Thank you for your help, now it seems to me that I managed to reduce
the problem to one specific issue with JAR files.

Before I used IDE which places all the classes into a build/classes
subdirectiories (reflecting the package structure). So I added a JVM
argument "-cp build/classes", and now it works from IDE no matter
if I specify class to be invoked with packagename/ClassName or
packagename.ClassName (dots are traslated into slashes). The only
condition which has to be fulfilled is that there must exist directory
packageName with a file ClassName.class in the working directory or
the directory pointed with -cp switch.
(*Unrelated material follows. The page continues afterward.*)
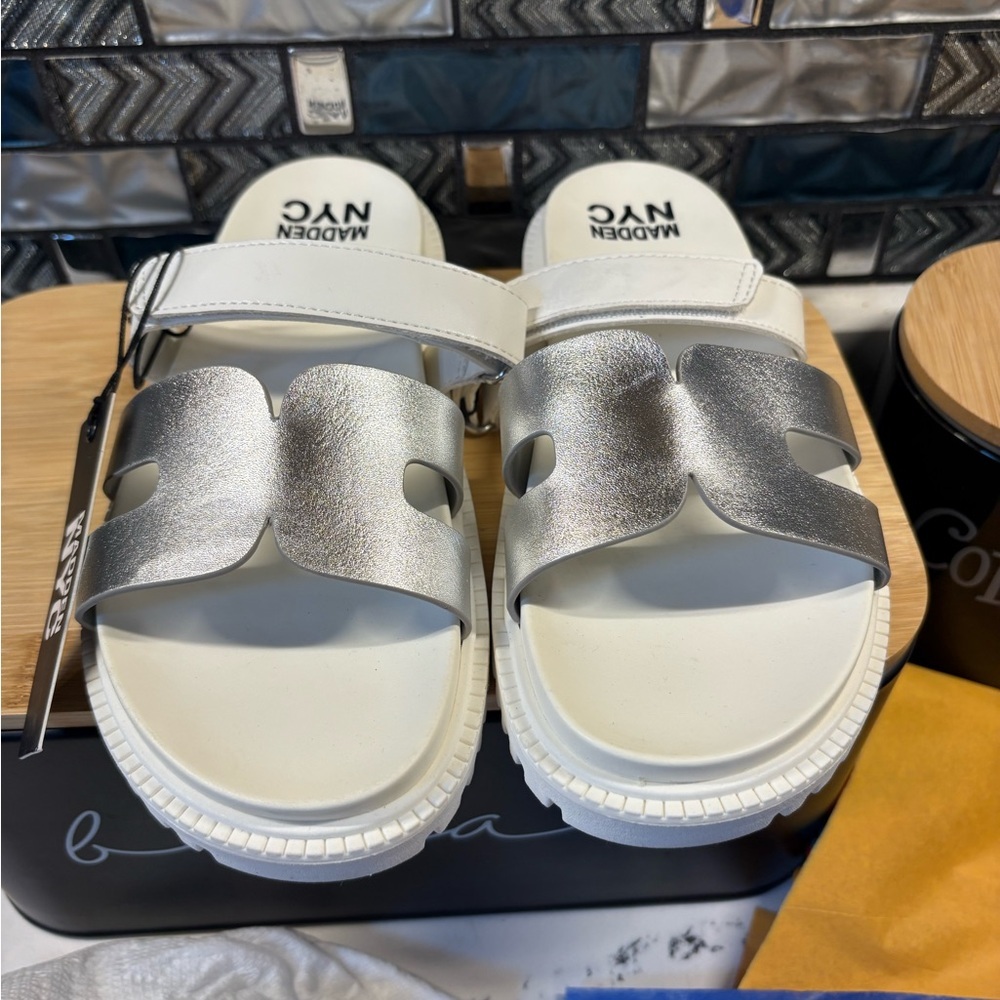 Madden NYC Kids' Silver and White Sandals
And is OK. It was not so
difficult to find out, but I got that only after I read John's
example.

Now, how to do it if I pack my program into a JAR? When I launch JAR,
the package with the class I need are not in the working directory but
in the JAR... I believe Arne's code can deal with this issue, anyway I
have not yet succeeded... I'll be working further.

You specify the JARs that belong in the class path in the "Class-Path" element
of the JAR manifest. Typically that means deploying the dependency JARs in a
subdirectory (possibly ./ ) of the one that holds the application JAR.
Running a Java class with "java -jar", Java ignores the CLASSPATH environment
variable (envar) and "-classpath" command-line option, taking its class path
entirely from the JAR manifest.

Others have linked you to docs.

 

[Donkey Hottie]

if (path.startsWith("file:/"))
path = path.substring(6);

I may have a big misundestanding, but I thin the URL prefix is file:// and
if a file on root file system is referred the path should start with
file:///.

I would be tempted to write

if (path.startsWith("file://"))
path = path.substring(7);

Please tell me if I'm wrong.

 

[Roedy Green]

How can I execute another class existing in my project as a standalone
(external) Java application using the method Runtime.exec(String) ?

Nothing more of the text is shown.